:: Aim of the task ::
The expected output is the first line of the data below and every line after it, up to and including the line containing "Top 10 Vet-Recommended Kibble Dog Foods", each reproduced exactly.

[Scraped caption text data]
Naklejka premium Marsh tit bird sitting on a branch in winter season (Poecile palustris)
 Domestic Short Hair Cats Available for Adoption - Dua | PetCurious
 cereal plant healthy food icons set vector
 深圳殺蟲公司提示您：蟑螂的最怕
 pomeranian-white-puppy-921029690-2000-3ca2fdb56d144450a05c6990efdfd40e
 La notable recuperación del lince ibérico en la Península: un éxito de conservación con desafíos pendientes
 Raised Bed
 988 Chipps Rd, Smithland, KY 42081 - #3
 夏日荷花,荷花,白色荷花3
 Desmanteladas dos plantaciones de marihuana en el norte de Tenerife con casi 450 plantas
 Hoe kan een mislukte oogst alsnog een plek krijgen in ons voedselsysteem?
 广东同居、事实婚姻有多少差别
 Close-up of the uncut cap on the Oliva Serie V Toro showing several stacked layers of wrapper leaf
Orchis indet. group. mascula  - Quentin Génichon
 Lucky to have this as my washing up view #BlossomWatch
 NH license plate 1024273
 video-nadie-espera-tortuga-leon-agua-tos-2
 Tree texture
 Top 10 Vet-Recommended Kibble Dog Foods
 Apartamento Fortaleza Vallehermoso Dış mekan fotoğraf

:: Answer section ::
Naklejka premium Marsh tit bird sitting on a branch in winter season (Poecile palustris)
 Domestic Short Hair Cats Available for Adoption - Dua | PetCurious
 cereal plant healthy food icons set vector
 深圳殺蟲公司提示您：蟑螂的最怕
 pomeranian-white-puppy-921029690-2000-3ca2fdb56d144450a05c6990efdfd40e
 La notable recuperación del lince ibérico en la Península: un éxito de conservación con desafíos pendientes
 Raised Bed
 988 Chipps Rd, Smithland, KY 42081 - #3
 夏日荷花,荷花,白色荷花3
 Desmanteladas dos plantaciones de marihuana en el norte de Tenerife con casi 450 plantas
 Hoe kan een mislukte oogst alsnog een plek krijgen in ons voedselsysteem?
 广东同居、事实婚姻有多少差别
 Close-up of the uncut cap on the Oliva Serie V Toro showing several stacked layers of wrapper leaf
Orchis indet. group. mascula  - Quentin Génichon
 Lucky to have this as my washing up view #BlossomWatch
 NH license plate 1024273
 video-nadie-espera-tortuga-leon-agua-tos-2
 Tree texture
 Top 10 Vet-Recommended Kibble Dog Foods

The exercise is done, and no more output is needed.